In the very next sentence, “transcendent naturalistic purpose” has completed the transformation from egg to butterfly, and becomes “transcendent moral purpose!” Again quoting Price,
If selection is the only natural source of purpose, then transcendent moral purpose could exist if selection were operating at some level more fundamental than the biological. Specifically, transcendent purpose would require a process of cosmological natural selection, with universes being selected from a multiverse based on their reproductive ability, and intelligence emerging (as a subroutine of cosmological evolution) as a higher-level adaptation for universe reproduction. From this perspective, intelligent life (including its moral systems) would have a transcendent purpose: to eventually develop the sociopolitical and technical expertise that would enable it to cooperatively create new universes… These ideas are highly speculative and may seem strange, especially if you haven’t heard them before.
That’s for sure! In his conclusion Price gets a bit slippery about whether he personally buys into this extravagant word game. As he puts it,
At any rate, my goal here is not to argue that these ideas are likely to be true, nor that they are likely to be false. I simply want to point out that if they’re false, then it seems like it must also be false – from a naturalistic perspective, at least – that morality could have any transcendent purpose.

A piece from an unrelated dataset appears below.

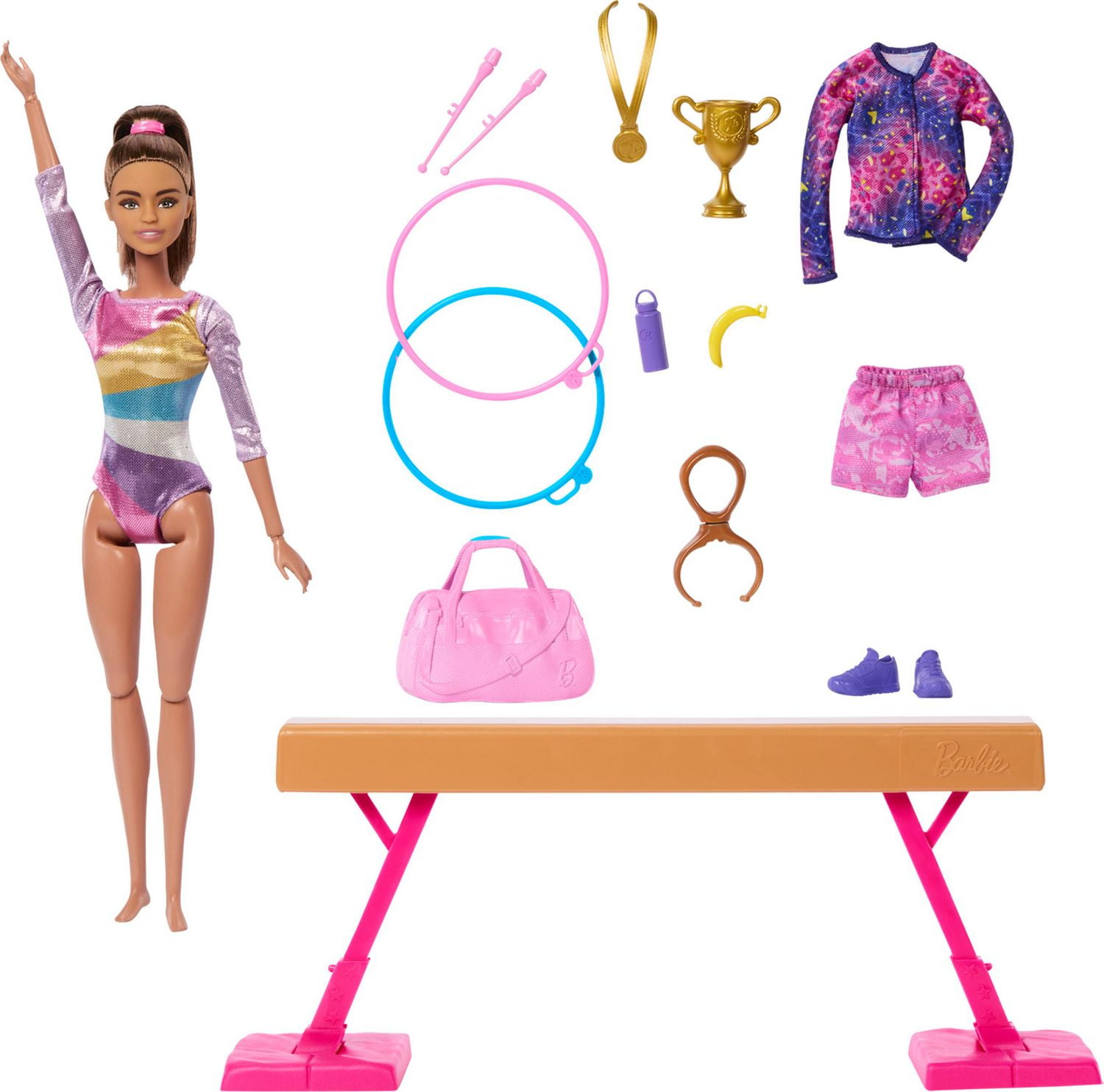 Barbie Gymnastics Playset with Blonde Fashion Doll Balance Beam 10 Accessories Flip Feature Walmart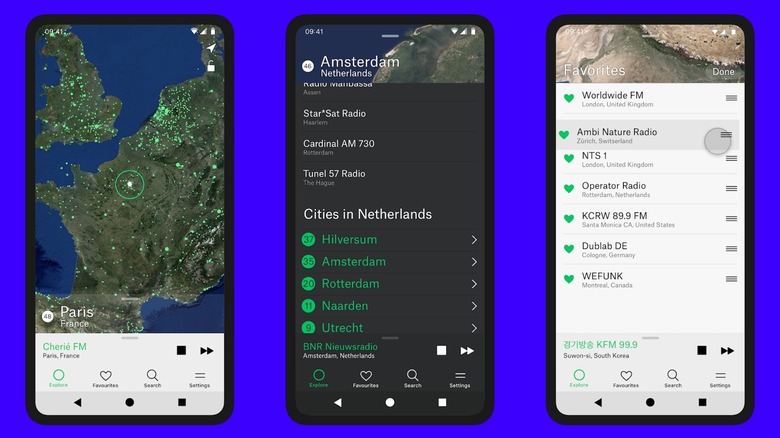 A series of screenshots showing Radio Garden app in action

This implies that Price accepts the idea that, if “these ideas are likely to be true,” then morality actually could have a “transcendent purpose.” Apparently we are to assume that moral rules could somehow acquire objective legitimacy by virtue of having a “transcendent purpose.” The “proof” goes something like this:
1. Morality evolved because it serves a “purpose.”
2. Miracle a happens
3. Therefore, morality evolved because it serves a purpose.
4. Miracle b happens
5. Therefore, morality evolved to serve an independent naturalistic purpose.
6. Miracle c happens
7. Therefore, morality evolved to serve a transcendental moral purpose.
8. Miracle d happens
9. If a transcendental moral purpose exists, then it automatically becomes our duty to obey moral rules that serve that purpose. The rules acquire objective legitimacy.
So much for a rigorous demonstration that a new God in the form of “transcendental moral purpose” exists to replace the old God. I doubt much has been gained here. At least the “proofs” of the old God’s existence didn’t require such a high level of “mental flexibility.” Would it be impertinent to ask how the emotional responses we normally associate with morality could become completely divorced from the “transcendental moral purpose,” to serve which we are to believe they actually exist? Has anyone told the genes responsible for the predispositions that are the ultimate cause of our moral behavior about this “transcendental moral purpose?”
In short, it’s clear that while belief in God is falling out of fashion, at least in some countries, belief in an equally imaginary “objective morality” most decidedly is not. We have just reviewed an example of the ludicrous lengths to which our philosophers and “experts on morality” are willing to go to prop up their faith in this particular mirage. It has been much easier for them to give up the God fantasy than the fantasy of their own moral righteousness. Indeed, legions of these “experts on morality” would quickly find themselves unemployed if it were generally realized that what they claim to be “expert” about is a mere fantasy. So goes life in the asylum.